Date | May 2017 | Marks available | 4 | Reference code | 17M.1.sl.TZ1.15 |
Level | SL only | Paper | 1 | Time zone | TZ1 |
Command term | Find | Question number | 15 | Adapted from | N/A |
Question
The graph of a quadratic function has \(y\)-intercept 10 and one of its \(x\)-intercepts is 1.
The \(x\)-coordinate of the vertex of the graph is 3.
The equation of the quadratic function is in the form \(y = a{x^2} + bx + c\).

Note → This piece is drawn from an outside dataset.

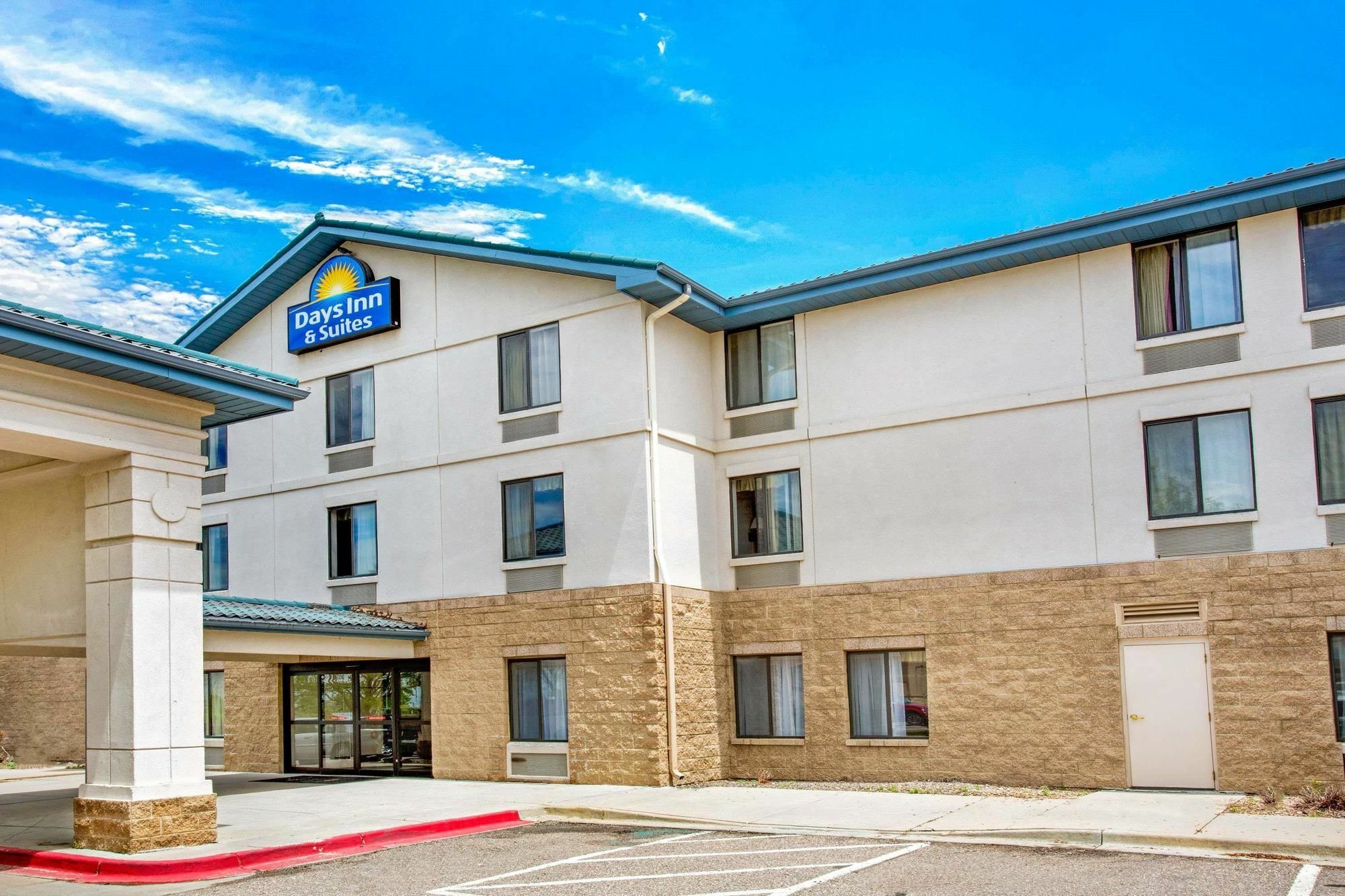 Days Inn & Suites By Wyndham Denver International Airport Zewnętrze zdjęcie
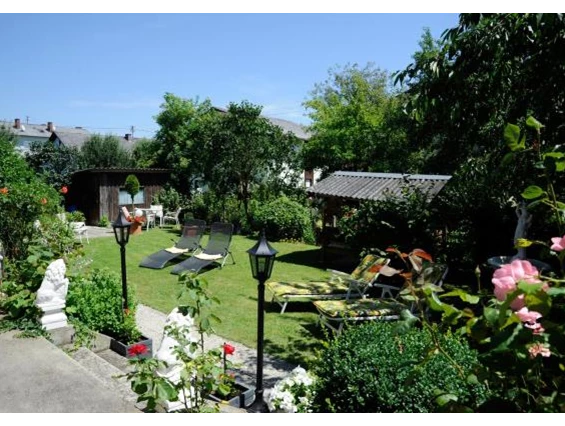 Frühstückspension: Gartenbild - Haus Stuttgart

Write down the value of \(c\).
Find the value of \(a\) and of \(b\).
Write down the second \(x\)-intercept of the function.
Markscheme
10 (A1) (C1)
Note: Accept \((0,{\text{ }}10)\).
[1 mark]
\(3 = \frac{{ - b}}{{2a}}\)
\(0 = a{(1)^2} + b(1) + c\)
\(10 = a{(6)^2} + b(6) + c\)
\(0 = a{(5)^2} + b(5) + c\) (M1)(M1)
Note: Award (M1) for each of the above equations, provided they are not equivalent, up to a maximum of (M1)(M1). Accept equations that substitute their 10 for \(c\).
OR
sketch graph showing given information: intercepts \((1,{\text{ }}0)\) and \((0,{\text{ }}10)\) and line \(x = 3\) (M1)
\(y = a(x - 1)(x - 5)\) (M1)
Note: Award (M1) for \((x - 1)(x - 5)\) seen.
\(a = 2\) (A1)(ft)
\(b = - 12\) (A1)(ft) (C4)
Note: Follow through from part (a).
If it is not clear which is \(a\) and which is \(b\) award at most (A0)(A1)(ft).
[4 marks]
5 (A1) (C1)
[1 mark]